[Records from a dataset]
========================================

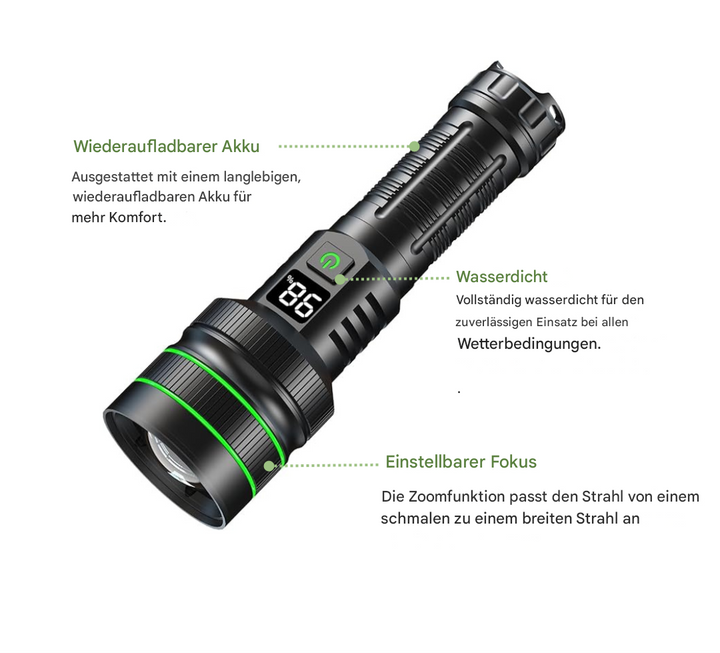 Ekstremt lysstærk og zoombar LED-lommelygte - PowerBeam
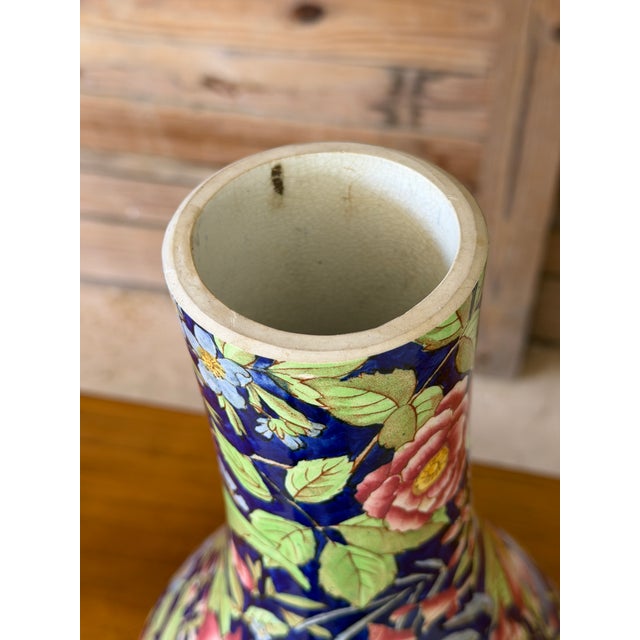 Antique Art Nouveau Etruria Cretona Polychrome Floral Bottle Vase - 18" For Sale - Image 4 of 12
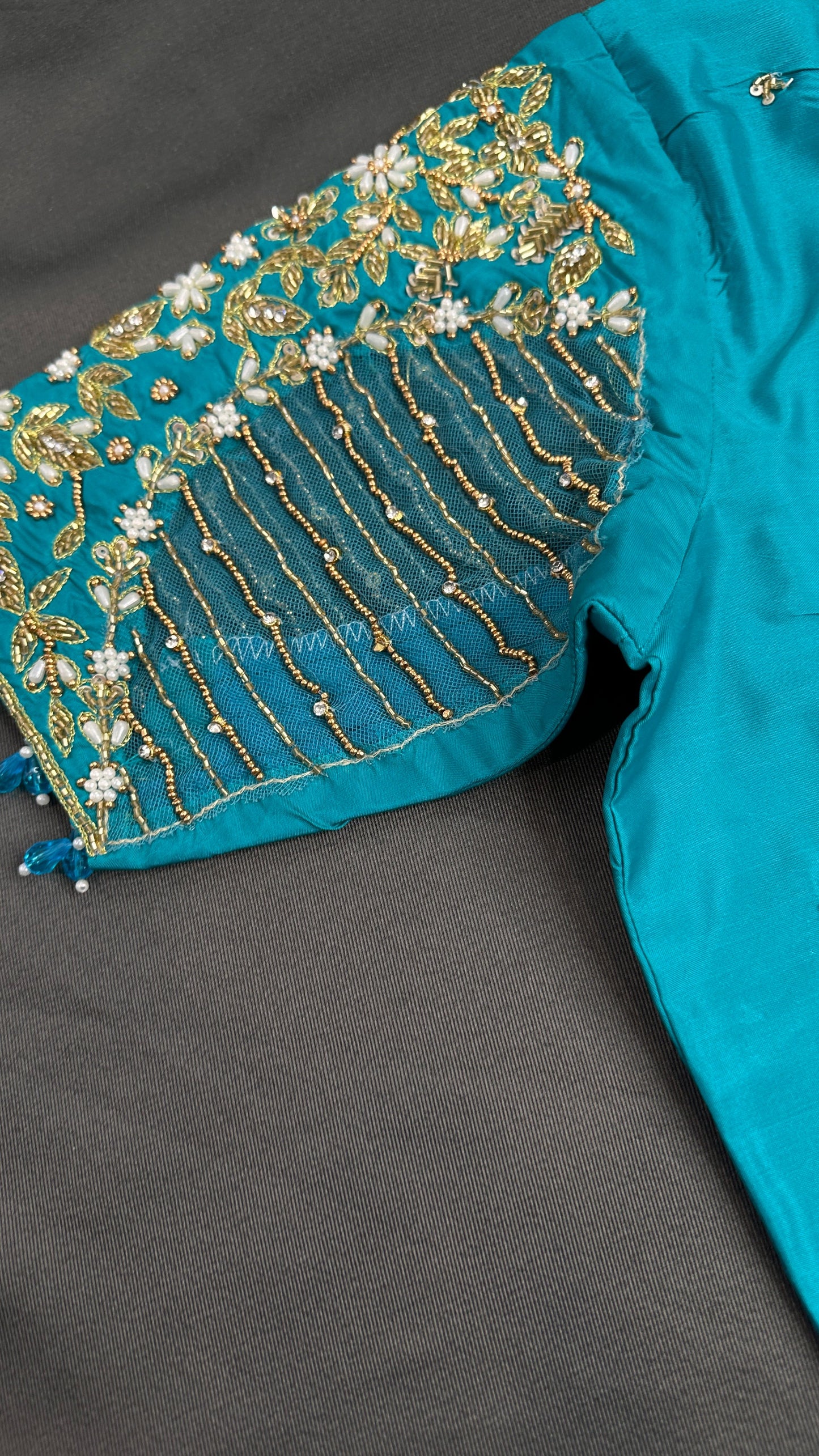 Teal Blue Net Silk Maggam Aari Blouse - 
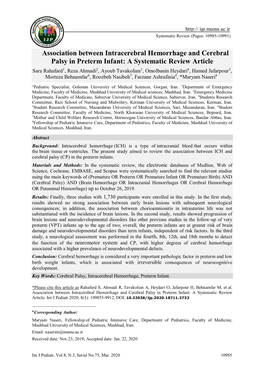 Association Between Intracerebral Hemorrhage and Cerebral Palsy In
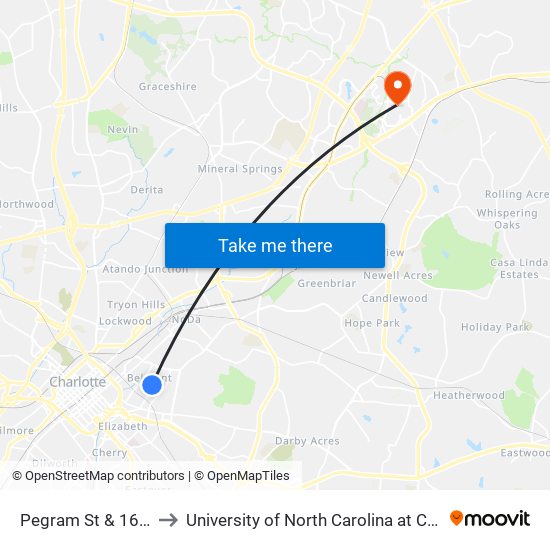 Pegram St & 16th St to University of North Carolina at Charlotte map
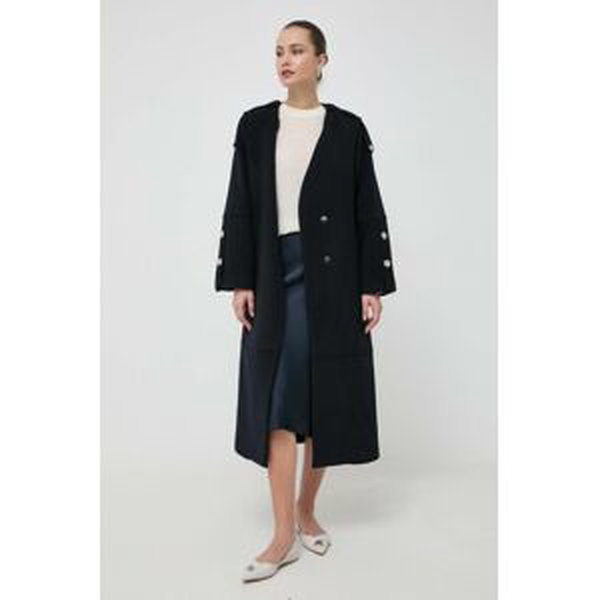 Vlnený kabát Beatrice B tmavomodrá farba, prechodný, oversize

========================================

▶ **What you are asked to do**
Leave the pictures out, then output exactly the lines from the "Pegram St &" line through the end of the records above, and no others.

▶ **Solution**
 Pegram St & 16th St to University of North Carolina at Charlotte map
 Vlnený kabát Beatrice B tmavomodrá farba, prechodný, oversize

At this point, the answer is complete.